EXERCISE DETAILS
The expected output is the data below, character for character, without its pictures.

DATASET EXCERPT
────────────────────

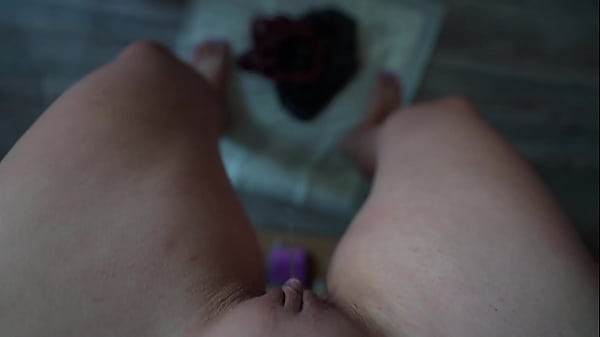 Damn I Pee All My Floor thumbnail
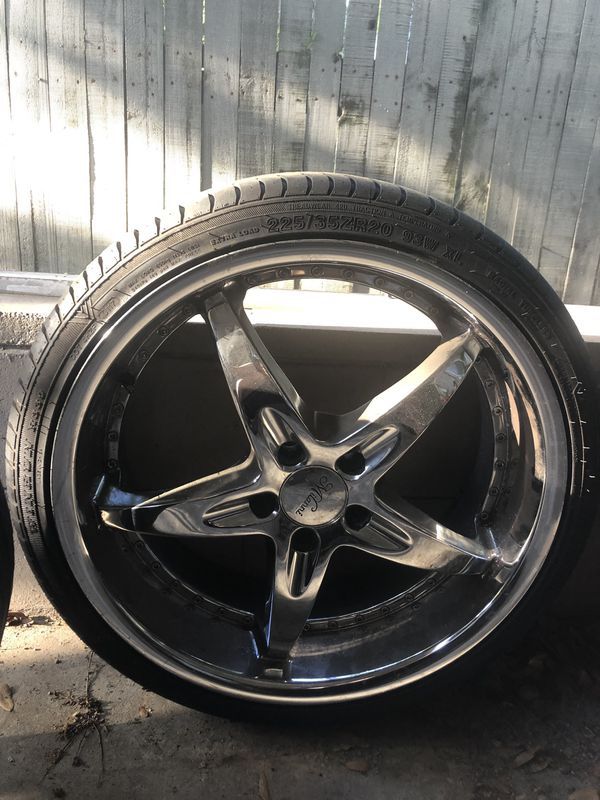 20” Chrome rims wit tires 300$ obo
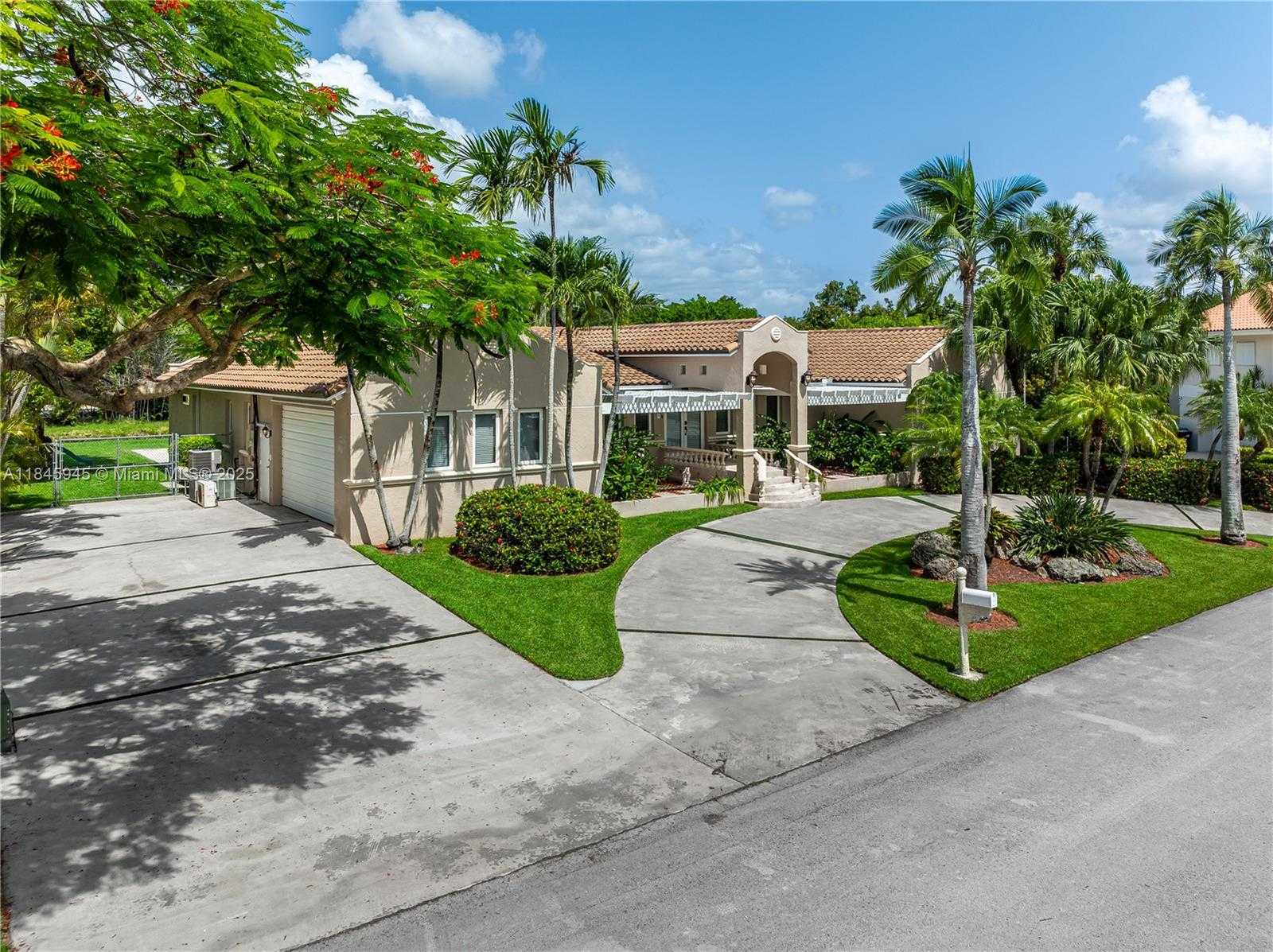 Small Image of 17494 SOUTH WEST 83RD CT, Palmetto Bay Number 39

────────────────────

THE ANSWER
 Damn I Pee All My Floor thumbnail
 20” Chrome rims wit tires 300$ obo
 Small Image of 17494 SOUTH WEST 83RD CT, Palmetto Bay Number 39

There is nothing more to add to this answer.